# Help with making syrup to feed my bees!?



## cg3 (Jan 16, 2011)

You do not need distilled water. For 1:1 syrup you do not even need to heat it. Water and sugar have virtually identical weights/volumes. Just remember that "a pint's a pound the world around". 
They'll take it slowly at first. A gallon will last quite a while until their numbers increase.
Have fun!


----------



## cg3 (Jan 16, 2011)

P.S.- With a top feeder I do not use an inner cover.


----------



## robherc (Mar 17, 2012)

Personally, I don't like styrofoam in my hives...seems to me like the bees could end up chewing it & causing damage to either the foam or themselves...but I tend to be a little paranoid about that kind of stuff, so take it with a grain of salt.

As far as the syrup goes, feeding them a gallon right at first shouldn't hurt anything with package bees; they'll have a lot of comb to build, so it isn't likely to cause them to want to swarm, and if you're on a heavy enough flow that they can't use it, they'll simply not take any.

For making syrup:
I take a LARGE cooking pot (bigger than the amount of total syrup you want by at least 50% if possible); 
pour the water into the pot at room temperature, then add a little less sugar than I think will make 1:1 (by weight, so a bit less than cup-for-cup) and start stirring; 
once all the sugar dissolves, I add a little more & keep stirring; 
repeat until you can't get quite all of the sugar to dissolve;
now turn on the heat under the pot & bring it to a slight boil for about 5-10min to kill any contaminants & bottle your syrup as it cools.

By dissolving the sugar in ROOM TEMPERATURE water, you're assured that you're not creating a super-saturated solution that'll crystallize sugar onto your bees, which is the #1 way to mess up syrup feeding, with the only other real way you're likely to mess it up being that of not checking it before feeding & accidentally feeding fermented syrup to your bees (I refrigerate mine if I'm not planning on using it in the next day or two... just make sure it's over 50*F before you give it to your bees & there shouldn't be any problems there).


Hope this helps
Rob


----------



## Kamon A. Reynolds (Apr 15, 2012)

To go along with Rob you can use a drill and a paint/dry wall mud spinner to easily and quickly mix your sugar into your warm water.


----------



## cg3 (Jan 16, 2011)

OK, here we go. 1:1 will not crystallize no matter how you dissolve it. Depending on your water source it wouldn't hurt to boil it ahead of time but heating syrup after sugar is added takes the chance of overheating and caramalizing (very bad for bees). I just pour sugar plus water in an oversize water jug and shake it. It keeps quite a while at room temperature, when in doubt, taste it. Don't stress about exact measurements.


----------



## Bees4Us (Mar 26, 2012)

So I have been reading that feeding bees can cause swarming, deaths, yellow jackets, waspers and even robbing to happen. I am readying on the Bush Farms site and it says to not feed if possible? To let the bees do it on their own? The new hives that are installed have to be fed, right? Am I missing something totally here? 

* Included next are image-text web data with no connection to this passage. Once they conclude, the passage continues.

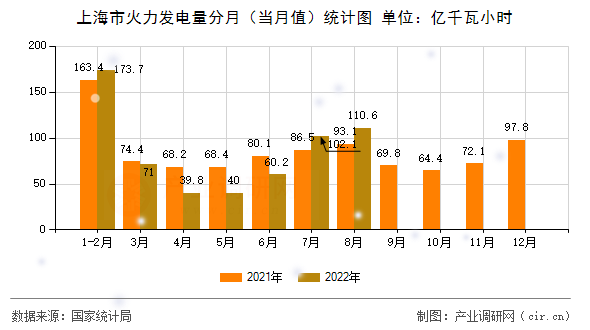 上海市火力發(fā)電量分月(當(dāng)月值)統(tǒng)計圖 上海市火力發(fā)電量分月(當(dāng)月值)統(tǒng)計圖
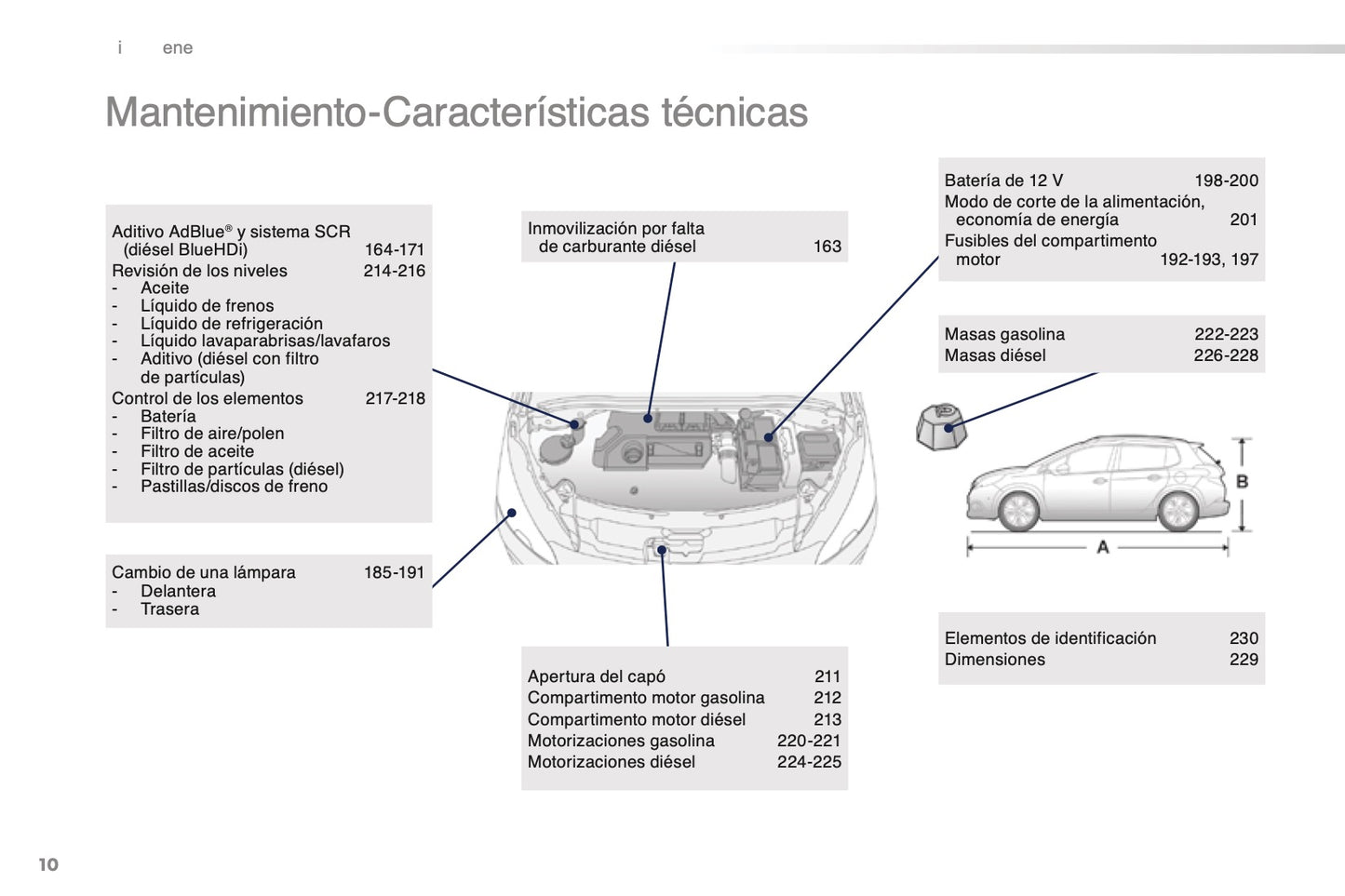 2015-2016 Peugeot 2008 Manuel du propriétaire | Espagnol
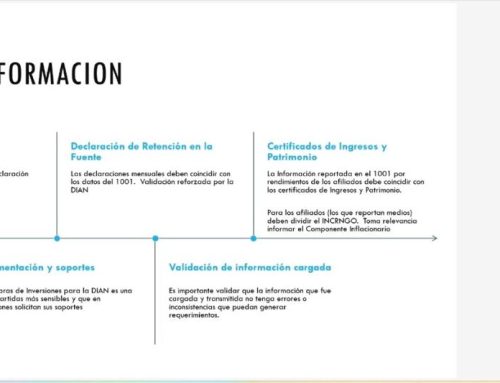 FLASH INFORMATIVO No. 20 del 13 de marzo de 2026 – Memorias “II Mesa de Sinergia 2026”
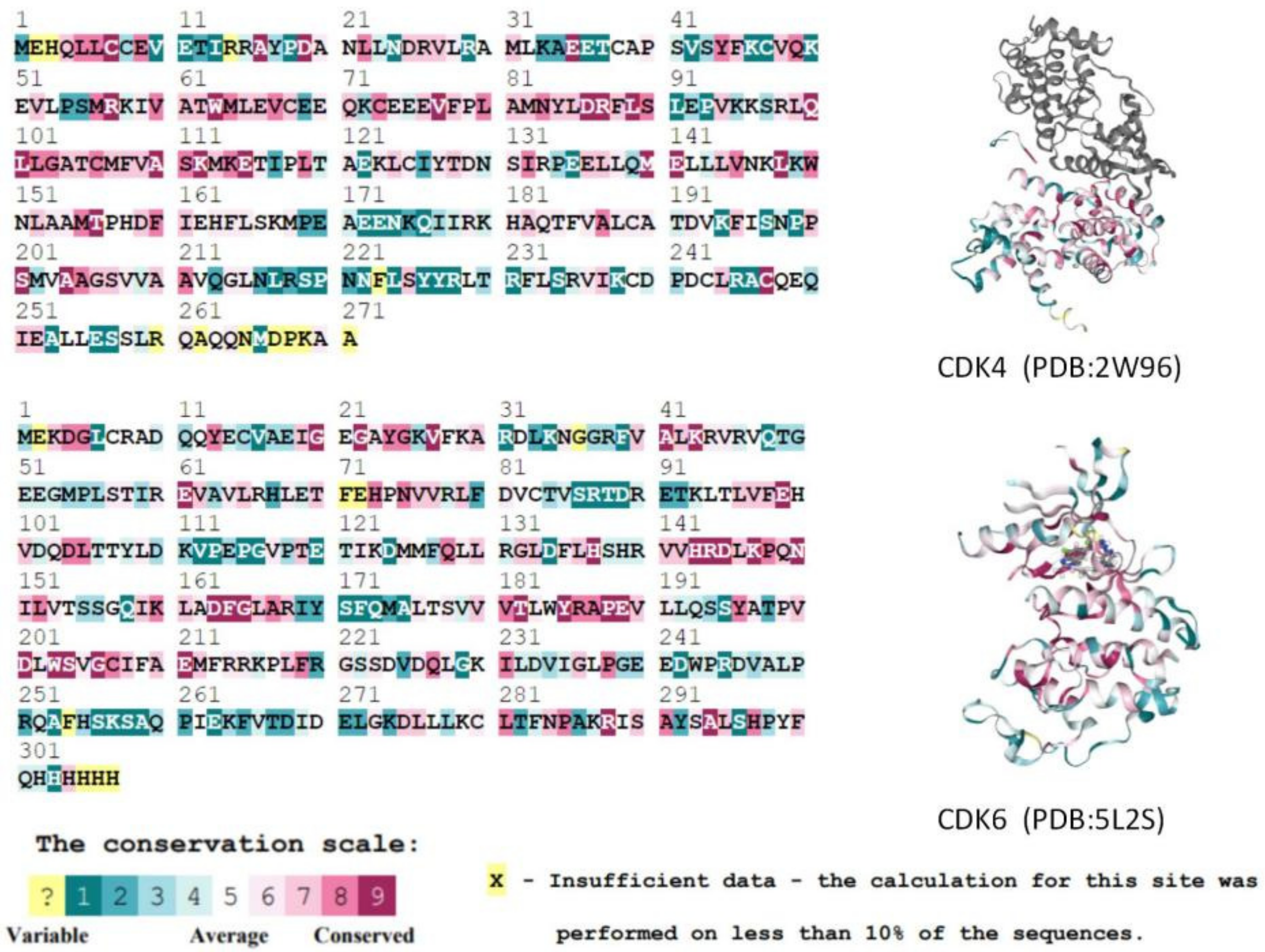 Marinedrugs 20 00319 g003 550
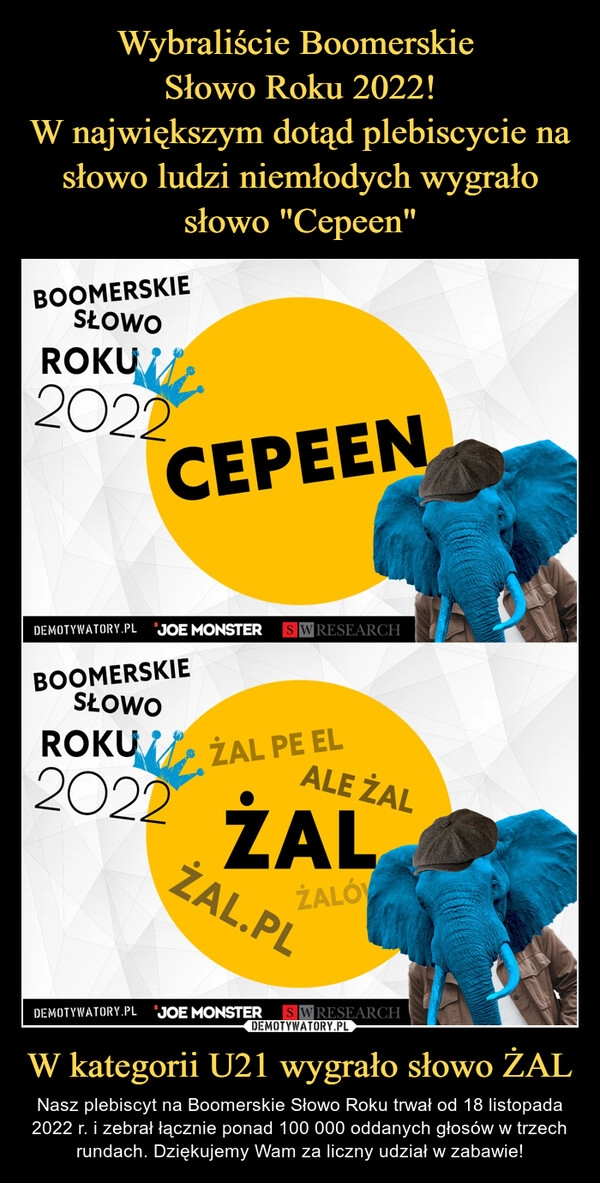 
    
Wybraliście Boomerskie
Słowo Roku 2022!
W największym dotąd plebiscycie na słowo ludzi niemłodych wygrało słowo "Cepeen" W kategorii U21 wygrało słowo ŻAL 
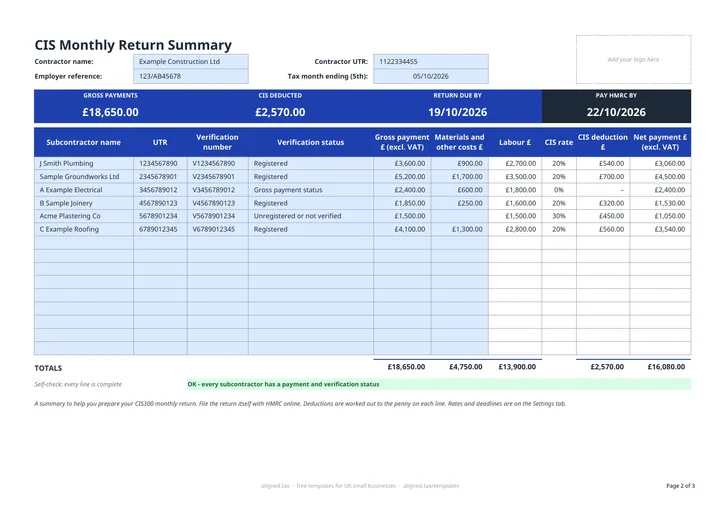 Preview of the CIS monthly return template for contractors spreadsheet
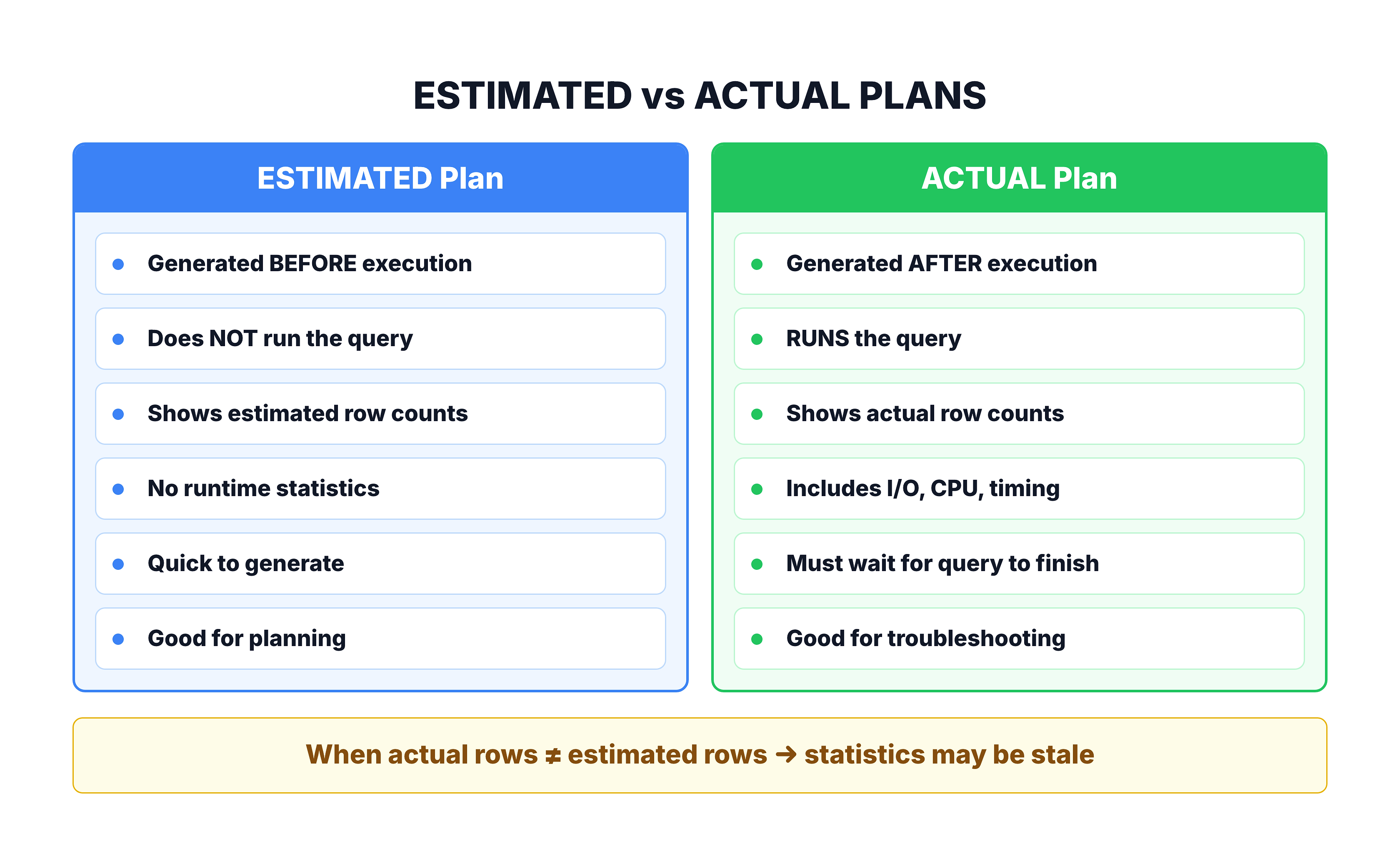 Generated visual representation from text diagram for Estimated vs Actual Execution Plans.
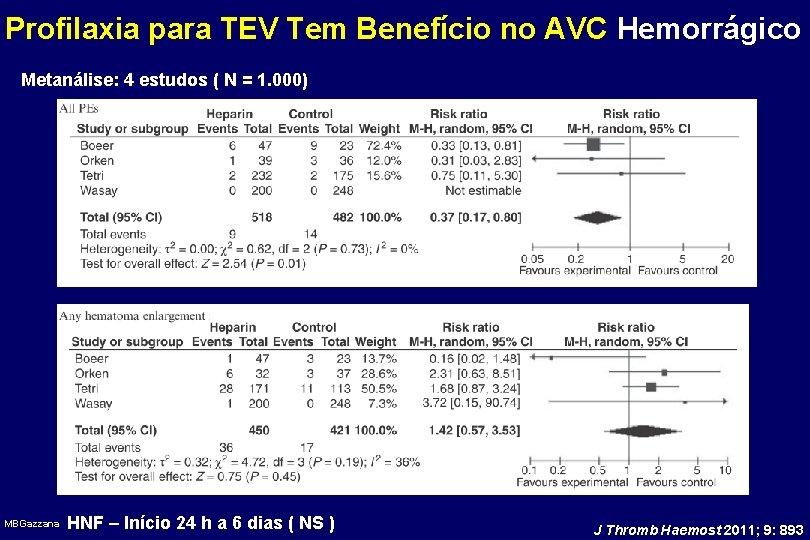 Profilaxia para TEV Tem Benefício no AVC Hemorrágico Metanálise: 4 estudos ( N =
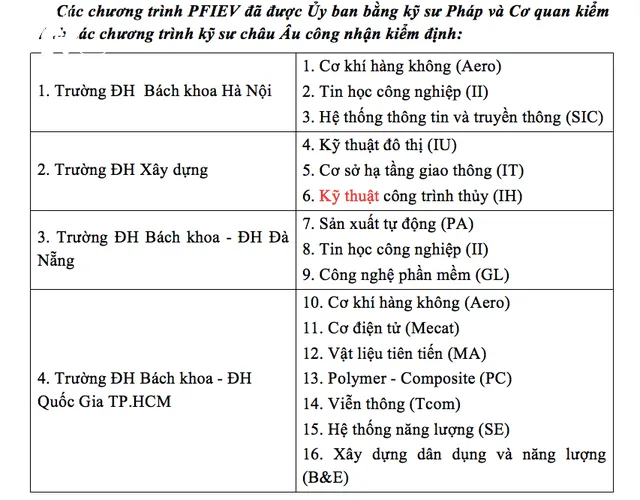 Đại học Xây dựng kỷ niệm 20 năm Chương trình đào tạo kỹ sư chất lượng cao tại Việt Nam - Ảnh 5.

The guy at the local Dadant store said the styrofoam feeder was the best feeder for me. We did paint the outside of it with white paint to keep it stable. I know that I will be removing the feeder soon, right? Probably after the first 7-8 frames in the first brood box are filled I guess? 

So many different answers to things!

Thank you all for your help so far!


----------



## ByGonzah (Feb 4, 2012)

I use tap water. Heat 2 quarts of water on the stove until hot but not boiling. I dump that into a food grade five gallon bucket and then add one gallon of warm tap water. Then pour in 10 pounds of sugar and mix with a large spoon or a paint mixing paddle until dissolved. (I use a plastic paint mixing paddle on the end of my 3/8" electric drill.) Pour in about half the sugar, then mix. When that's dissolved, pour in the other half and mix. You should end up with a little over two gallons of syrup. I add some essential oils to mine during the mixing process - similar to Honey-B-Healthy or the ProHealth products, but without the preservatives.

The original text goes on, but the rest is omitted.